Bo jak inaczej reagować na walkę z dwutlenkiem węgla, który jest niezbędny do życia na naszej planecie? Jak walczyć z czymś marginalnym w procesie wpływu temperatury na klimat, skoro największym gazem cieplarnianym jest para wodna? Jak wreszcie nie śmiać się z faktu, że człowiek jest nikim we wszechświecie i nie może sterować klimatem jak klimatyzacją w aucie?

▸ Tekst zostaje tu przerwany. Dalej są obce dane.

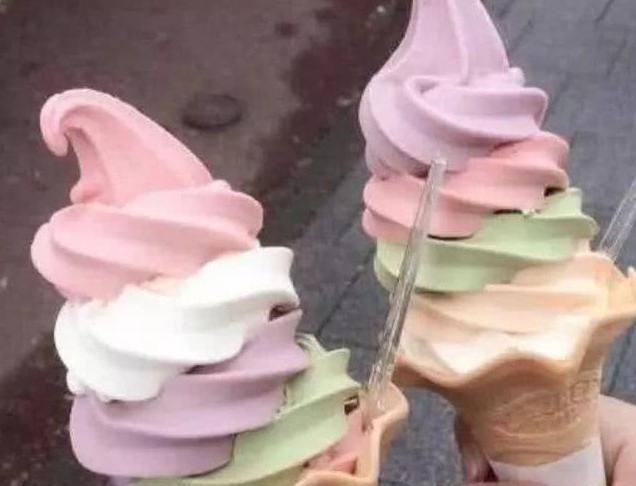 男生|女生冬季忍不住要去买的雪糕,图一可爱,图四男生却“不敢下口”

Religia cieplarniana miała swoje centrum w Brukseli i tak pozostało. Na podporządkowanie Unii Europejskiej nie godzili się najwięksi emitenci gazów cieplarnianych: Chiny, Indie, USA, Rosja, Australia, Kanada. Barack Obama był największą nadzieją ocieplanych. Gdy do władzy doszedł Donald Trump - mogą to być ich ostatnie chwile.
Prezydent USA zapowiedział, że nie będzie płacił na zideologizowaną naukę i zamrozi fundusze na ten cel takim agencjom jak NASA. Kasy zabraknie także w Europie, bo są większe wydatki. Dlatego w krótkim czasie hipoteza ma szansę upaść.
Gdy zacznie brakować pieniędzy może się okazać, że ocieplenie klimatu ma charakter naturalny i wszyscy wrócą do uprawiania klasycznej nauki opartej nie na politycznych wytycznych, lecz na faktach i wiarygodnych danych.